İki kişilik adalet Önder ve Kazım "tatlı hayat"ın içinde değiller. Aziz Yıldırım adalet kılıcını keskin kullandı. Bu olay bize bazılarının ayrıcalığını gösterdi
Fenerbahçe yönetimi çok radikal bir karar verdi. İlk 11'de oynadığında çok "sırıtmayacak" Türk pasaportu olan oyuncu bulmanın çok zor olduğu bir dönemde, Milli Takım'a kadar yükselmiş iki oyuncusu (Kazım, Önder) ile yollarını ayırdı. Hedef peşindeki bir takımı yönetirken, alınabilecek en riskli kararlardan birini verdiler. Onları bu seçime zorlayacak mutlaka önemli nedenler var. Kamuoyu ile paylaşmaktan kaçındıkları, kendilerine sakladıkları, belki sadece futbolcuların bilebileceği bir birikim söz konusu. Sizlerle daha önce paylaşmıştım. Samandıra'da yerinden oynayan çivilerin, ortalarda gözükmeyen disiplin ve sorumluluk anlayışının yaratacağı yangını belirttim.

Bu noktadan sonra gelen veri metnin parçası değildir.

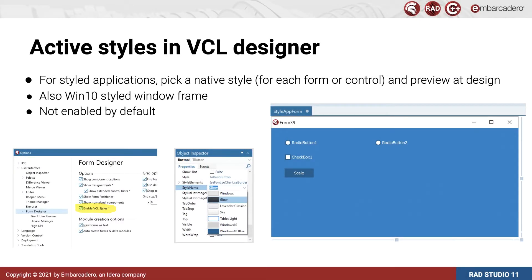Another new feature in the form designer is to show visual styles in the designer. One of the reasons to have a visual designer is to design and preview your app close to how it will look when it's run. While we supported changing the look and feel at runtime, until today we didn't support previewing that at design time. Now you can see how your form and controls will look with a VCL style right in the designer.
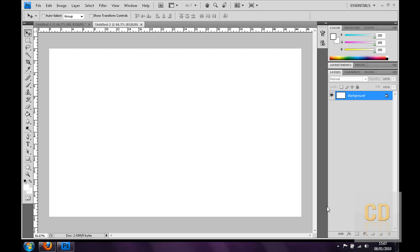What's up guys, Conor here with Chrome Designs again. In this tutorial I'll be showing you how to make a GIF image in Photoshop.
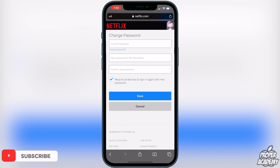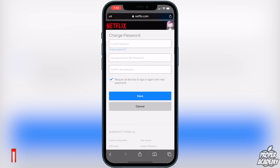Make sure you click the right option for 'Require all devices to sign in again.' What this basically means is if you change your password and keep this checkmark on, every device signed into your Netflix account will have to log in again with the new password. If you uncheck it, all your old devices stay signed in, but whenever you sign out or sign into something new it will request the new password.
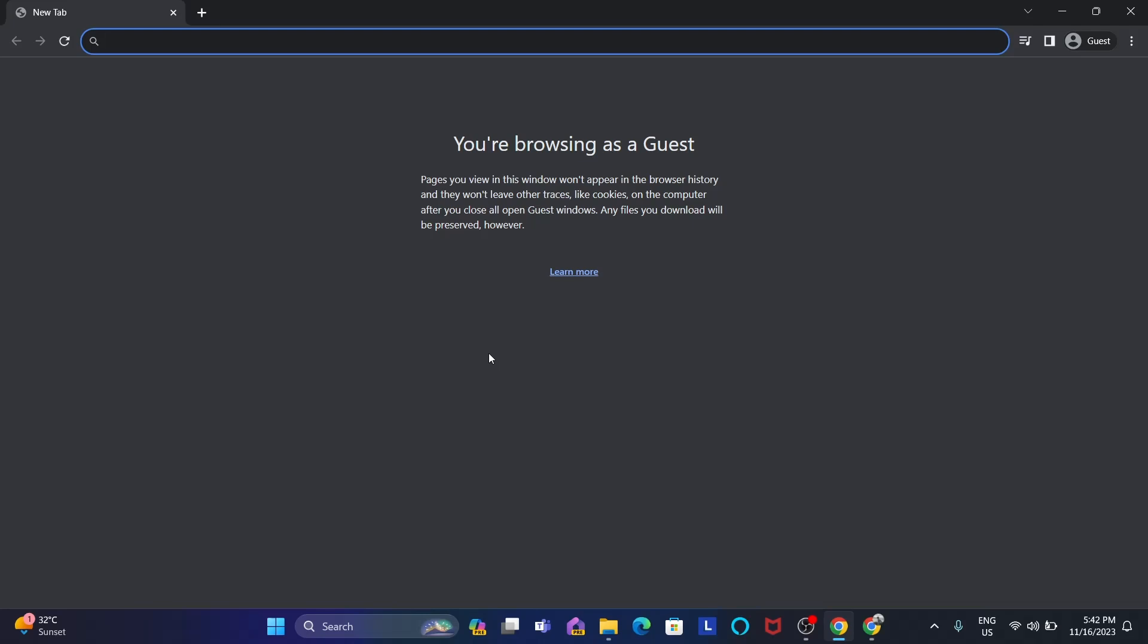Hello guys, in this video I'm going to show you how you can set up Visual Studio Code for Java programming.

Bazıları pembeler içindeki yorumları yazıyorlardı. Ama gerçeğin anlaşılabilmesi üç kazanın peş peşe gelmesiyle oldu. Kazım ve Önder gece gezmesi sonrasında uğradılar kazaya, diğerleri ise bir otel odasında unuttukları ile... Bunun faturasının üst üste alınan üç yenilgi olması ise hepimizin şahitliğinde gerçekleşti. Kazım ile Önder'i, sistemin dışına iten nedenler, Fenerbahçeli futbolcuda olmaması gereken davranış bozukluğu... Buraya kadan anlaşılamayan bir şey yok. Peki diğerlerini bundan soyutlayan gerçek ne? Ne Kazım ne de Önder bu "tatlı hayat"ın içindeler. Ama ceza alan onlar. Brezilyalı bazı oyuncuların oluşturduğu bu ekibi, cezalardan, uyarılardan, sorumluluğa davetten ne uzaklaştırıyor. Eğer bu oyunculara, hak ettikleri uyarılar yapıldıysa, bunu takım arkadaşları dahil neden kimse bilmiyor? Aziz başkan adalet kılıcını keskin kullandı ama sadece iki kişilik kaldı bu darbe. Eşit dağılmayan, bazılarını yine "ayrıcalıklı" kılıp, cesaretlendiren bir yaklaşımdır bu. İki kişilik adalet olur mu?